Granados’ Allegro de Concierto capped off the first half with technical pizzazz, even if more clarity might have brought out the rhythmic through-line in the complex swirls of sound. Schubert’s majestic yet introspective Sonata in B-flat major drew the most subtle playing. The first two movements unfolded on intimate terms, a storyteller conversing with a perfect sense of timing. He gently underlined Schubert’s signature sudden shifts from major to minor and back by relaxing the tempo just a hair when the mood changed to minor. The scherzo danced on tippy-toe without losing its sprightly energy. He caught the rondo finale’s quicksilver mood swings from outward vigor to inward pensiveness and then went out on a flash of lightning in the final pages. Although Nel allowed that “an encore after that piece should be illegal,” he cooled off the repeated curtain calls with a deft and witty Rondo in D major by Mozart.



Mezzo-soprano Sasha Cooke added extra gleam to Friday’s Aspen Chamber Orchestra program under conductor Tomas Netopil.
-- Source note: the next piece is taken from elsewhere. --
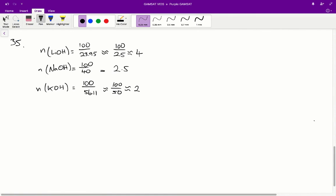Dividing 100 grams by the molar mass of each hydroxide, lithium hydroxide has the most moles, sodium hydroxide has the next most, and potassium hydroxide has the least. Therefore answer A is the correct answer for question 35.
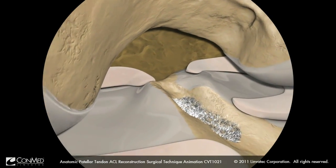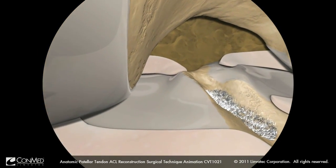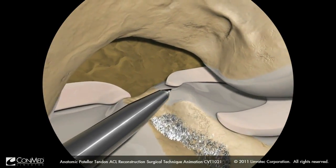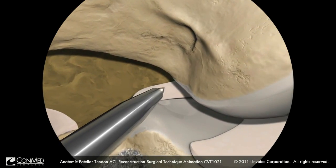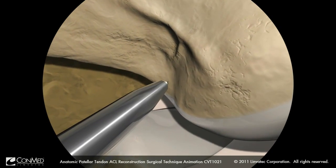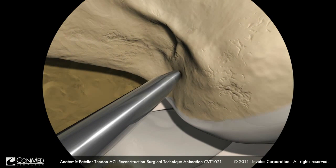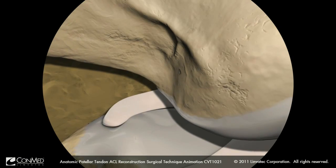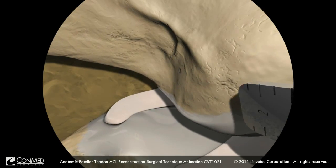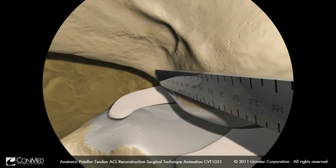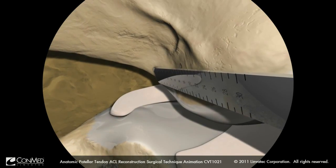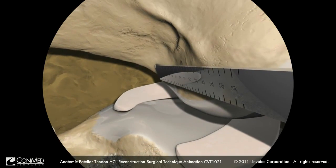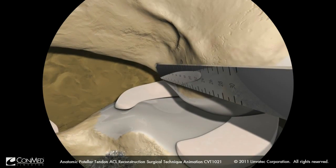Switch the arthroscope to the anteromedial portal. Mark the center of the femoral ACL footprint using a microfracture awl. Once marked, use the bullseye native footprint ruler to assess the footprint of the native ACL stump.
In Mahler’s Symphony No. 4, known as the composer’s most relaxed and approachable, Cooke offered a delightfully animated take on “The Heavenly Life” song finale. It might have seemed even more rapturous had the previous 45 minutes been more restless. Netopil got serene, pleasant playing from the orchestra, but where were the dark undercurrents and splashes of schmaltzy phrasing that are meant to set up the blissful final minutes?
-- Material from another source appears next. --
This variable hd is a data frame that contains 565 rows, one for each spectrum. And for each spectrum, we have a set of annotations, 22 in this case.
Pianist Lisa de la Salle delivered a respectable performance of the familiar Piano Concerto No. 23 in A major in her clear, unadorned style. Her dry-eyed approach offered little extra nuance to the gentle, slow movement. Despite crisp playing, the finale could have used more buoyancy. A trooper, she also took on the extensive piano swoops and flourishes in Britten’s joyful “Young Apollo,” which opened the concert.




The Aspen Philharmonic stepped into the spotlight Sunday, as the Festival Orchestra, which usually plays the big Sunday concerts, was occupied with “Grimes.” With Hugh Wolff conducting, the students created a juicy sound, right from the first wisps of Mussorgsky’s prelude from “Khovanshchina.” The main event, Shostakovich’s Symphony No. 6, couldn’t have been more colorful, from the Mahler-like stew of the broad opening largo to the inventive and giggle-inducing clown music of the presto finale.

Johanna Gruskin’s fleet and precise piccolo playing carried the day at crucial moments, and the brass topped things off with a proper amount of extra blare. The swagger and fun of the Shostakovich made up for the tedium of Britten’s Cello Symphony. It’s thorny music, grumbling in its corner petulantly, never quite completing a dramatic arc. Britten’s flair for ear-catching orchestration is seldom in evidence. Finckel worked hard to execute his thankless task, but it just didn’t click. One can only hope that future assignments in front of an orchestra in Aspen will connect better with audiences.

Not to miss in the coming days

The pianist Kyrill Gerstein plays Haydn, Schumann and Berg (the latter with violinist Jennifer Koh and a wind ensemble) tonight, a fascinating program. The American String Quartet pays its annual visit Wednesday with Haydn, Janacek and Brahms on the docket. Thursday presents a tough choice: colorful pianism from Garrick Ohlsson or opening night of Puccini’s “Suor Angelica” and “Gianni Schicchi” at the Wheeler.

Harvey Steiman has been writing about Aspen Music Festival concerts for 19 years. His reviews appear twice weekly in The Aspen Times.